My wife puts celery in Jello. I hate it.
I remember gummint food...Silver cans with black letters.
Canned meats and veggies. AND we did have cheese...blocks of it.
Late 50’s. IIRC, there was a resurgence in the 70’s during the gas crisis...
Both of the items you mention are readily available from the HEB food chain in Texas. But HEB is well known for being one of the better run businesses in the USA.
Otherwise called SOS.
What about head cheese? I remember taking sandwiches to school for lunch and being embarrassed about it.
I’m not yet 30 and have never eaten Jello. Or Spam.
However, I have heard food horror stories from boomer parents regarding the fare served to their parents. Among them, an eastern European dish containing pig feet in a gelatinous substance. You could actually see that they were, um, feet. I have never seen the word; it sounded like cochina. Maybe that’s from the French for pig; or akin to the Italian for kitchen...maybe not since the folks who cooked it spoke Hungarian and Russian.
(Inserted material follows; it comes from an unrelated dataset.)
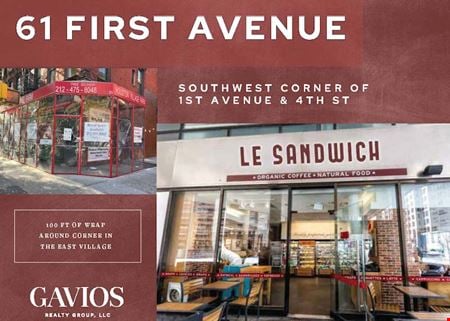 Preview of commercial space at 61 First Avenue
Also, they were known to float recognizable chicken feet in pots of soup.
My WW2 vet grandpa made some horrific coffee, for that matter. They still talk of it now and then.
And people killed their own chickens, right on their laps.
Today you may have to go to China to pick out live food, unless it’s something you can’t relate to at all, like a lobster.
Back to weird stuff, my cousin born in the 80’s recalls “pop rocks,” which crackled in the mouth, and an uncle older than that recalls drinking candy juice from wax tubes, and wax lips you could eat. I’m not sure how that works. They don’t sound traumatized when they talk about such things, but frankly it’s a little triggering.
PS: Great-grandfather put tobacco wads in his mouth, took them out and left them lying around, put them back in later. He didn’t have to, being quite rich later in life.
The Germans put sawdust in bread dough to make it go farther.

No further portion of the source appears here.